Directions:
Each line of the records that follow must come back exactly, with pictures skipped.

Records provided:
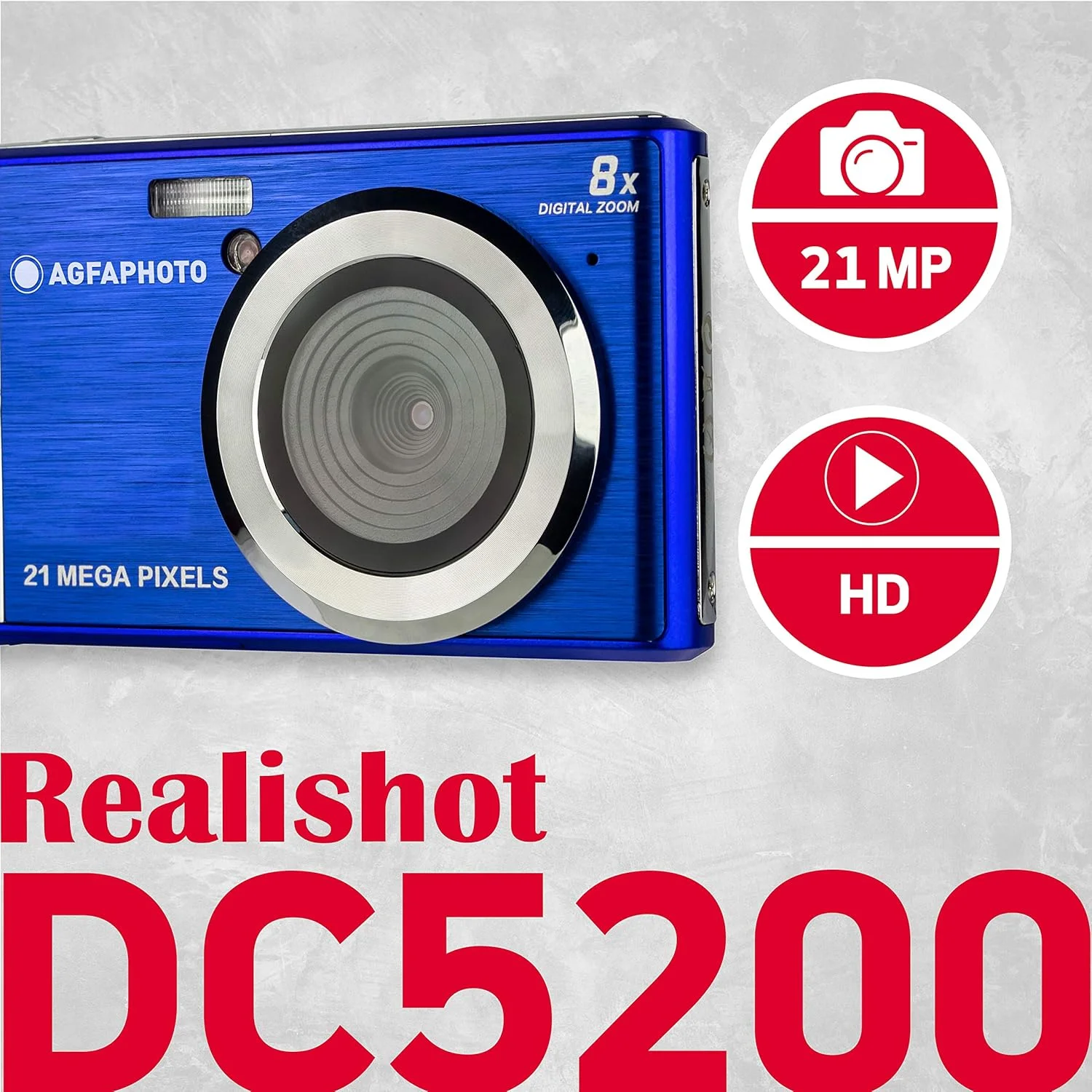 دوربین دیجیتال کامپکت AgfaPhoto AGFA Photo DC5200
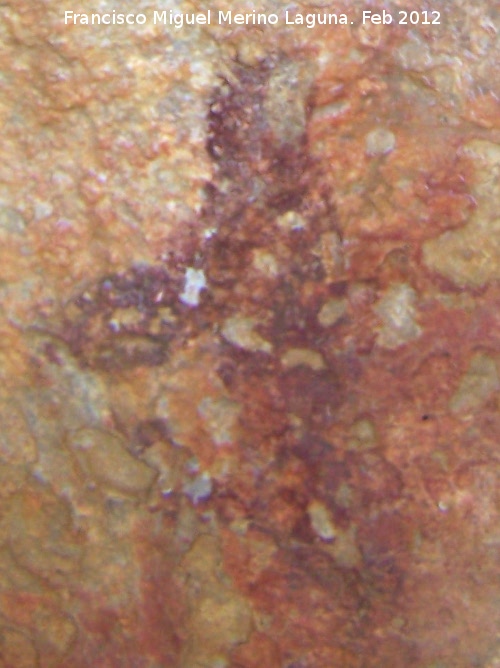 Pinturas rupestres del Poyo de los Machos - Pinturas rupestres del Poyo de los Machos. Antropomorfo golondrina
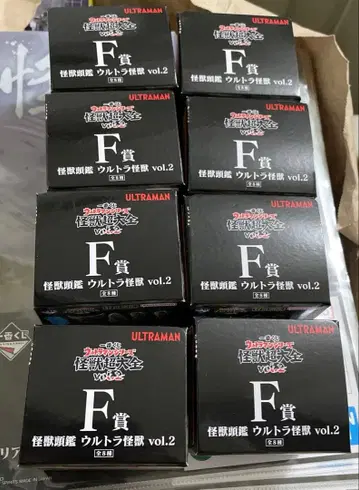 제일복권 울트라맨 시리즈 괴수 초대전 vol.2 F상 미개봉 8개 세트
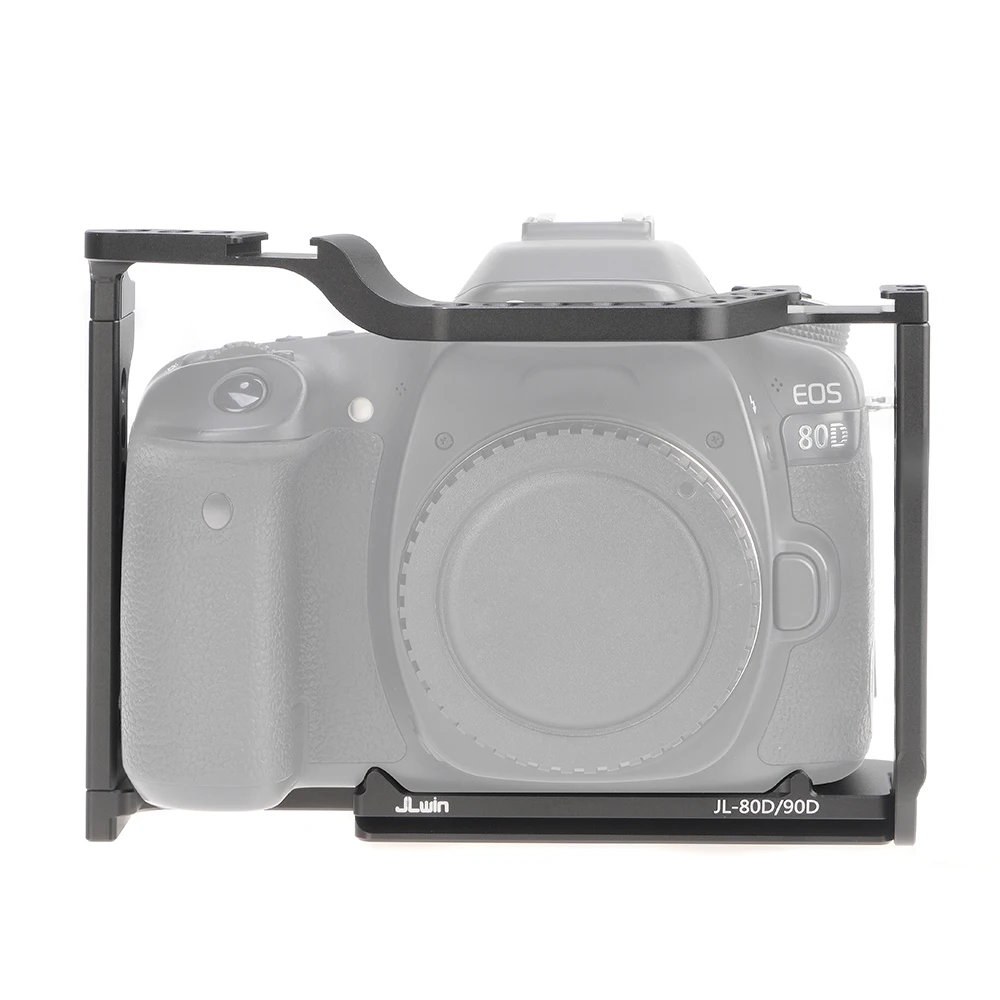 Fotga aluminium dslr kamera käfig kit unterstützung für canon 90d 80d 70d fotografie kamera käfig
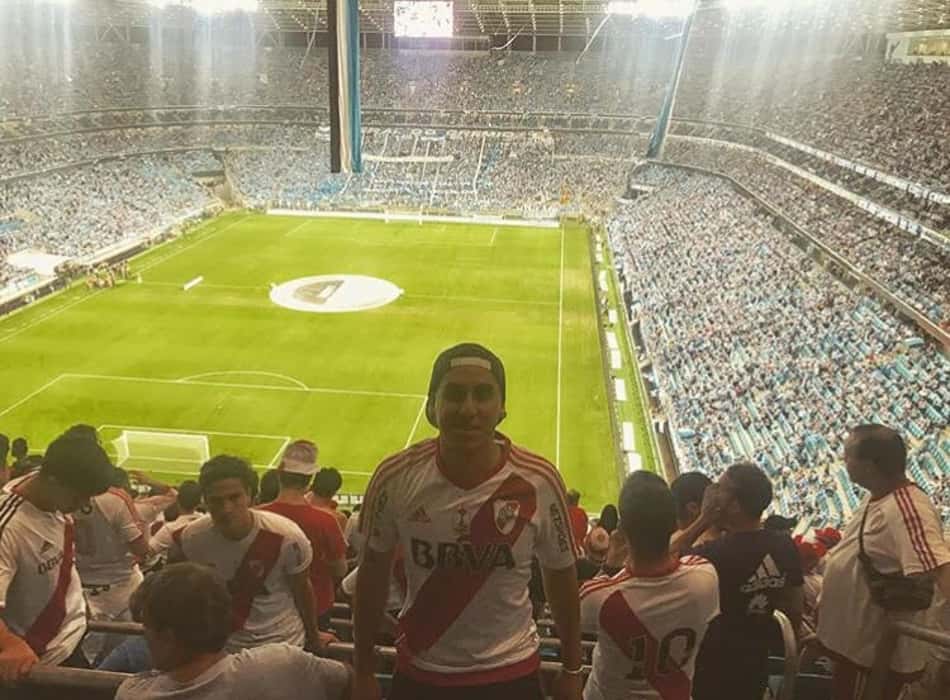 Luciano Ríos esteve na Arena Grêmio na semifinal (foto) e estará em Madrid para acompanhar o River 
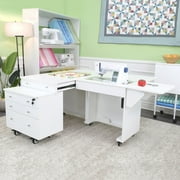 Kangaroo & Joey Dual Rail Electric Sewing Cabinet - Ash White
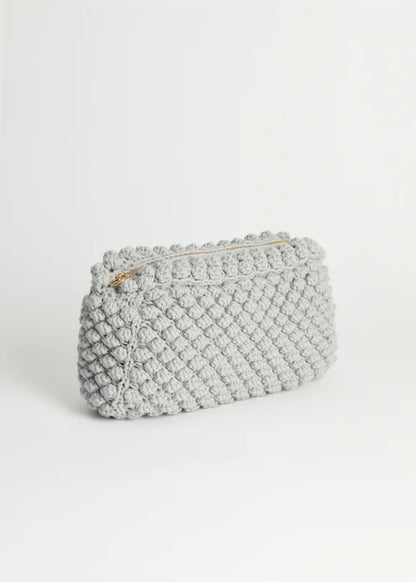 Linn Clutch Bag - Warm Grey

Solution for this problem:
 دوربین دیجیتال کامپکت AgfaPhoto AGFA Photo DC5200
 Pinturas rupestres del Poyo de los Machos - Pinturas rupestres del Poyo de los Machos. Antropomorfo golondrina
 제일복권 울트라맨 시리즈 괴수 초대전 vol.2 F상 미개봉 8개 세트
 Fotga aluminium dslr kamera käfig kit unterstützung für canon 90d 80d 70d fotografie kamera käfig
 Luciano Ríos esteve na Arena Grêmio na semifinal (foto) e estará em Madrid para acompanhar o River 
 Kangaroo & Joey Dual Rail Electric Sewing Cabinet - Ash White
 Linn Clutch Bag - Warm Grey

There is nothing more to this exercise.